** DATA BELOW follows **
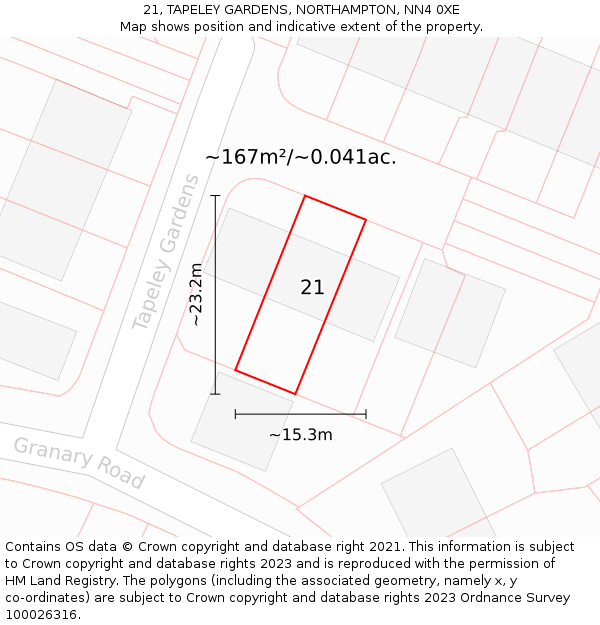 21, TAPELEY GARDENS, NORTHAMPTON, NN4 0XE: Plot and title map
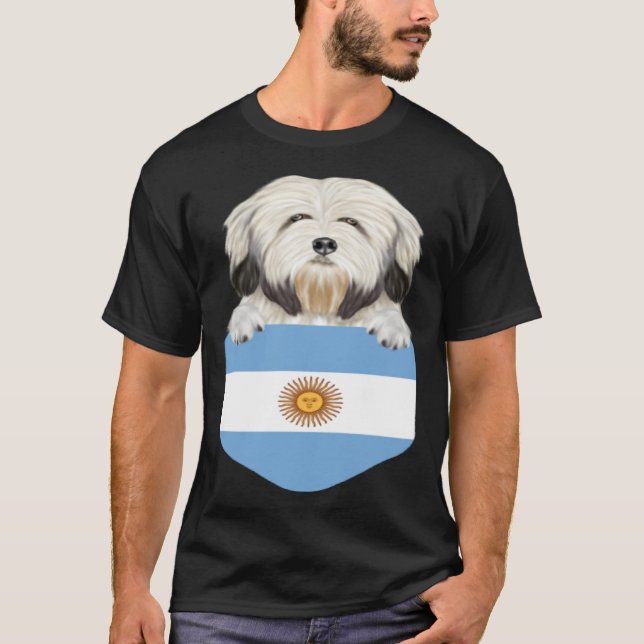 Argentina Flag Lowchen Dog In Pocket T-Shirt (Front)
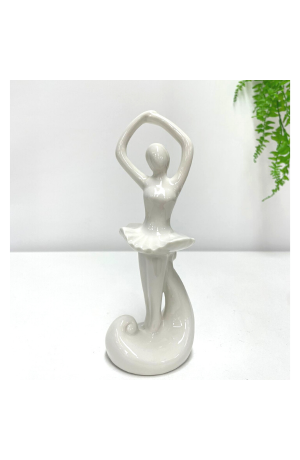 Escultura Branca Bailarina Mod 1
** End of DATA BELOW **
■ **EXERCISE**
Restate the listing above word for word. Leave the images out.

■ **TASK ANSWER**
 21, TAPELEY GARDENS, NORTHAMPTON, NN4 0XE: Plot and title map
 Argentina Flag Lowchen Dog In Pocket T-Shirt (Front)
 Escultura Branca Bailarina Mod 1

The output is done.